What he delivered was a gem: 7 innings, 4 hits, 0 runs, 1 walk, and 8 strikeouts. Hamels used sharp command of his mid-90s fastball--which seemed to be lacking in his first start--to set up his dominant changeup--which also seemed to be lacking in his first start. It didn't hurt that he was able to mix in an effective cut fastball to crowd righties and run away from lefties. The Braves were unable to hit anything particularly hard against him--the kind of masterful performance we have grown accustomed to seeing from the young ace. The few times he did face any trouble he was able to escape without event. He faced two-on, two-out situations in both the sixth and seventh innings and was able to induce groundouts from Chipper Jones and Freddie Freeman, respectively.
In many ways, today's game went just as Ruben Amaro, Jr. drew it up for the team before the season: dominant pitching for at least seven innings with just enough offense to scrape by. For his part, Braves starter Derek Lowe was very good today. The sweaty one held a Phillies offense that had scored at least seven runs in five of its first eight games to just two runs on seven hits. The first came in the fourth inning on Jimmy Rollins double play and the second on a solo homer by a red hot Shane Victorino as Larry Andersen lamented on the radio that Rollins and Victorino don't bunt enough.

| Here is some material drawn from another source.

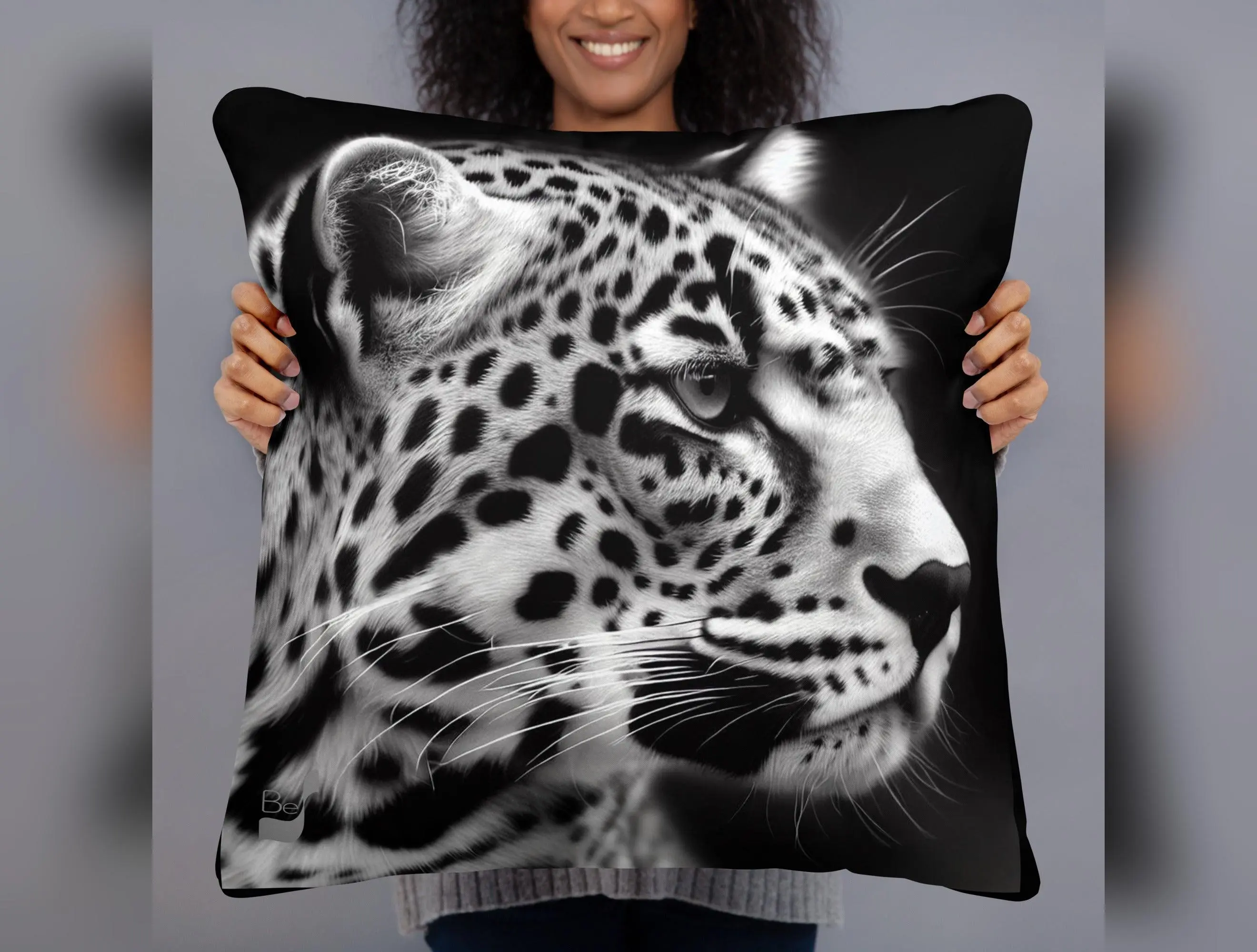 Leopard BeSculpt Throw Pillow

Ryan Madson pitched a scoreless eighth inning and the Phillies added a welcome but ultimately superfluous insurance run in the top of the ninth against young flamethrower Craig Kimbrel. Rollins led the inning off with a double and moved to third on a Jason Heyward bobble in right. Ryan Howard followed with a groundout to short, but Jimmy, running on contact in a heads-up baserunning play, came in to score. Jose Contreras, facing Chipper Jones, Brian McCann, and Dan Uggla, closed the door with a perfect frame, striking out Uggla to give the Phillies the win in the first campaign in what figures to be another tense, season-long war for NL East supremacy.
The Phillies are off tomorrow and then head up to D.C. to take on the Washington Nationals.